To continue the theme of the day, the return to lesbian literary theory, I wanted to offer a reading of a film I went to see last night, Sin Nombre.
At least, at a narrative structural level.
I am a total sucker for how texts, films, music etc are structured. It’s easy for me to fall in love with people who make music like this.
I seem to get an odd kind of mechanical fascination in understanding how something is structured. It helps you understand how the world works.
I learnt everything I know about narrative structures through reading lesbian literary theory. I think this was because I was reading 19th century fiction by women trying to find ‘lesbian narrative space’ in the resounding absences.
It doesn’t take long for you to realise that most story-telling structures are over-determined by heterosexuality. That is, in the end the girl and boy get together and do the fairy-tale thing. Boring, predictable and a great way to control vast populations and turn them into unthinking, breeding machines.
So there I was, watching Sin Nombre. It’s a film about a group of people from Honduran trying to cross the Mexican-US border in search of a new life. Woven into this story is the tale of boy gangs in Mexico who tattoo and beat each in an attempt to hold their rather fragile masculinity in place. The main male character Willy/ Casper kills the leader of the gang in order to avenge his girlfriend’s murder. As he does this he saves a girl called Sayra’s life. They then head towards the US border together.

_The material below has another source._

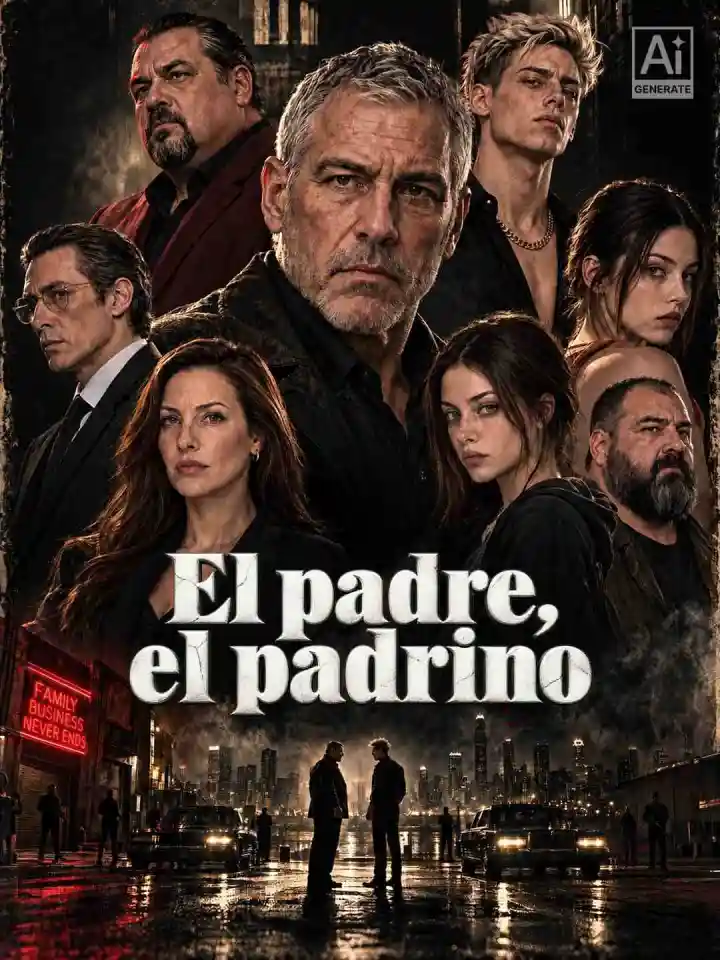 El padre, el Padrino poster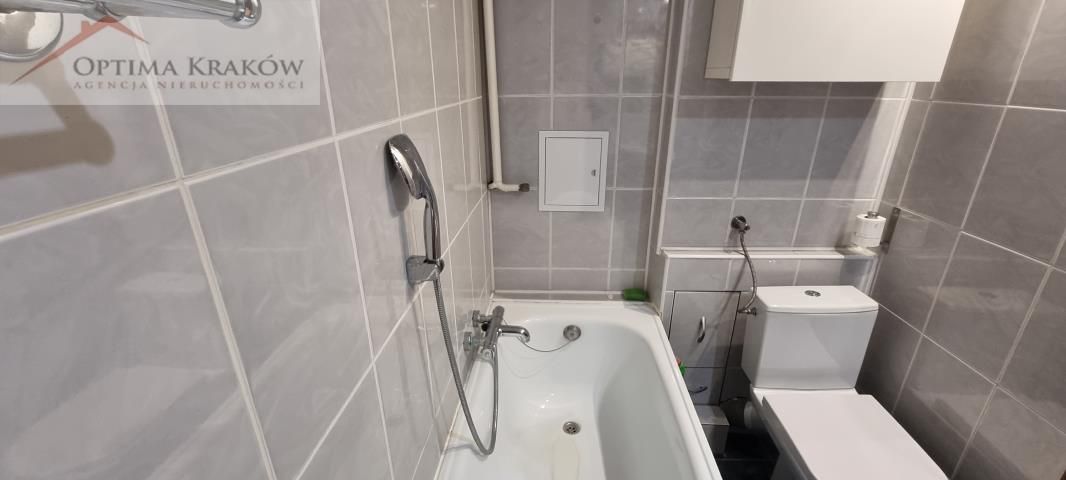 Mieszkanie 2-pokojowe Kraków Bieńczyce, os. Jagiellońskie. Zdjęcie 6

He on the run from the gang who are bating for his blood. She enamoured with her prince charming.
As I sat watching the film I did find myself in a way longing for the happy heterosexual ending. I’m quite orthodox about things and generally hate anything which reinforces heterosexuality in a lazy or boring way. I was shocked at myself but I guess that is where the dramatic tension and pathos of the film is supposed to arise. It plays on our longing for the happy ending.
Of course, there was no happy ending. The final scene of the film was of Sayra on her own calling her family after she crossed the border without Willy, her Uncle or father who had all fallen foul of the challenges of the journey.
Previous to this poor Willy/ Caspter had been pelted with a dramatic number of bullets by his gang. About 20 of them shot his body to bits. This seemed to me to be over-asserting masculinity that was barely being held together throughout the film.
To go back to narrative structure. Despite the waves of affective longing for a happy heterosexual ending which were cruelly arrested, the final structural characteristic of the film is the image of Sayra, a woman, alone. She escaped the fate of the male characters who turned against themselves in self-destructive, flaccid machismo.
As a consequence of too many littered bullets, the scaffolding of the story is opened to offer a different structural outcome. I think its a healthy sign that patriarchal storytelling structures are crumbling down and self-destructing. One can only hope.
Let’s make sure the structures we put in their place create the possibility for many different endings.